Friday, October 27, 2017

the last book I ever read (Petty: The Biography by Warren Zanes, excerpt three)

from Petty: The Biography by Warren Zanes:

“I remember Tom saying, ‘My dad’s gonna kill me,’” recalls Tom Leadon, a neighbor first but finally one of Petty’s closest early musical collaborators. “He’d just gotten his report card. I was like, ‘What did you get?’ He tells me, two Ds and three Fs. I remember thinking, ‘Wow, this could be the dumbest guy I’ve ever met.’ I was fascinated. Of course, I soon found out he wasn’t dumb at all. But he sure didn’t do much to connect at school.”

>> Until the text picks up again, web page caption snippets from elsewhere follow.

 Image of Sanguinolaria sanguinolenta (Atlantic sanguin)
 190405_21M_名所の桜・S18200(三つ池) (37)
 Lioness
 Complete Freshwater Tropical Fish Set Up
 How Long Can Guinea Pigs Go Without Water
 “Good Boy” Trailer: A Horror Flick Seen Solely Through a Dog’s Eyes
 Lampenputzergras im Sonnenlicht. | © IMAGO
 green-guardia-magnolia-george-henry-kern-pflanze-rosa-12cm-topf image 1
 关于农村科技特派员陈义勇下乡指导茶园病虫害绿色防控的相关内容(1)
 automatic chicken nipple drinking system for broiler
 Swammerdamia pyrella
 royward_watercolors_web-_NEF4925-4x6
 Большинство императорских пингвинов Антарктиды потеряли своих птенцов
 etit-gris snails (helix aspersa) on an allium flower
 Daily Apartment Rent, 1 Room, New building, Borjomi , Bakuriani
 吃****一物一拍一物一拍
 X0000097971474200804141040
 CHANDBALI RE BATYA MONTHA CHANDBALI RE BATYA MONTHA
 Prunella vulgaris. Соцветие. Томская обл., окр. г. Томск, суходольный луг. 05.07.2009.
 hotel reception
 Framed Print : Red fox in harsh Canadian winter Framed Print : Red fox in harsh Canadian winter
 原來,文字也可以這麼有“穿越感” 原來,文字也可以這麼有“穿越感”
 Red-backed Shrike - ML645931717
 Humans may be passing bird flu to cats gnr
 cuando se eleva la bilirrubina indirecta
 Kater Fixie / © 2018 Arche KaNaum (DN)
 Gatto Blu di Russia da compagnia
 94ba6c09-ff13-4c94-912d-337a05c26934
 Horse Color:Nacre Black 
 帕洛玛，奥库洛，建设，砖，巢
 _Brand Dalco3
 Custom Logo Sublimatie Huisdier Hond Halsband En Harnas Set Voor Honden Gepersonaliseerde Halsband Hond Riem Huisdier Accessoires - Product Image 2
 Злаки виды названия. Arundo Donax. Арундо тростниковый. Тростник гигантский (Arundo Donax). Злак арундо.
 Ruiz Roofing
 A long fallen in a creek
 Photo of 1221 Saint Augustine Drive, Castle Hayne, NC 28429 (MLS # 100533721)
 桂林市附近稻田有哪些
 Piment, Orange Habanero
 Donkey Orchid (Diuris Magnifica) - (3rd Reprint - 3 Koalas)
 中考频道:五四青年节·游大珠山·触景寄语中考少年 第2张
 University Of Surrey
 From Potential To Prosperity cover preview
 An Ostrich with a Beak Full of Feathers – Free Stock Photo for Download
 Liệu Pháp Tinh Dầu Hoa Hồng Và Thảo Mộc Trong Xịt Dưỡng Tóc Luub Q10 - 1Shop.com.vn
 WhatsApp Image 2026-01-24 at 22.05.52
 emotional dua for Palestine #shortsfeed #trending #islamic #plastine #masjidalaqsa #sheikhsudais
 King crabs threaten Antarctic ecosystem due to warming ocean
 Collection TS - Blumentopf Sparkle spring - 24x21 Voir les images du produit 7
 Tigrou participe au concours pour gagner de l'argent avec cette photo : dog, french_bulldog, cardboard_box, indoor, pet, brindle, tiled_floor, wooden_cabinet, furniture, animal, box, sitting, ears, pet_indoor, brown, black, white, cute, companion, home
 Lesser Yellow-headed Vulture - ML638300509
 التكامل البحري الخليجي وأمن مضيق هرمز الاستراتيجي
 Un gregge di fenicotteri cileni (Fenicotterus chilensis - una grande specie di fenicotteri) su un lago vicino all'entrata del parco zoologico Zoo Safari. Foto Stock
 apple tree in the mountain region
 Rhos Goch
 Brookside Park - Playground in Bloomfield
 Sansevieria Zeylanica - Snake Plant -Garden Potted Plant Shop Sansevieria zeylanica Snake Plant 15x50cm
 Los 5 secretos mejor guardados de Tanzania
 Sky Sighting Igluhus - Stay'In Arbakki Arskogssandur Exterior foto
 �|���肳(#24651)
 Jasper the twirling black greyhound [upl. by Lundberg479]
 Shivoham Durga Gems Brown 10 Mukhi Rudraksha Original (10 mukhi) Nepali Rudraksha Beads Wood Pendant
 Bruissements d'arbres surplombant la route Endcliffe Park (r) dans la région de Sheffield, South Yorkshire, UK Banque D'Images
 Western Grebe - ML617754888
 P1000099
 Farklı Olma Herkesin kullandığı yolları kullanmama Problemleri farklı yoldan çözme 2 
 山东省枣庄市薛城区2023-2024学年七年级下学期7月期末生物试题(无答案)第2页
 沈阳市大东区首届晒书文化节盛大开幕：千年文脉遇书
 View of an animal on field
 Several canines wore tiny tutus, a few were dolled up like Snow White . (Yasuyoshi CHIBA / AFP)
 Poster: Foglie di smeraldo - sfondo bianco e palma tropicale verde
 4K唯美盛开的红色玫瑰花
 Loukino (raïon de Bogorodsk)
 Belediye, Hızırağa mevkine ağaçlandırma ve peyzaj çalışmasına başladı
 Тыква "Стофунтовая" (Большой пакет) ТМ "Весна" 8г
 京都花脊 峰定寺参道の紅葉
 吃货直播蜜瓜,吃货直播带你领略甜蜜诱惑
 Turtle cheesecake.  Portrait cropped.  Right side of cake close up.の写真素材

“Actually, that one was straight Fs, with a D minus in art,” Petty says. “Someone gave me some special ink so I could turn an F into a B, but it ended up eating the paper. Made it even worse. But I thought it was all kind of funny. I probably gave it a shot at school for about a minute. There was a point where I realized—especially in high school—that the men and women teaching me may not be as bright as me, and I couldn’t suffer that. I looked at them and thought, ‘I’m not really sure you know what you’re doing.’ I could excel at anything I had an interest in. Even a vague interest. Like in English. I got good marks, because I didn’t mind reading something. I liked stories. That hooked me. I could get into how words came together, how sentences were built, stories put together. All of that interested me. It was effortless. I used to get these horrible report cards, but there’d be an A in English. My mother would go, ‘Why do you only study for this class?’ But the truth was, I wasn’t studying for any of the classes . . . that just happened.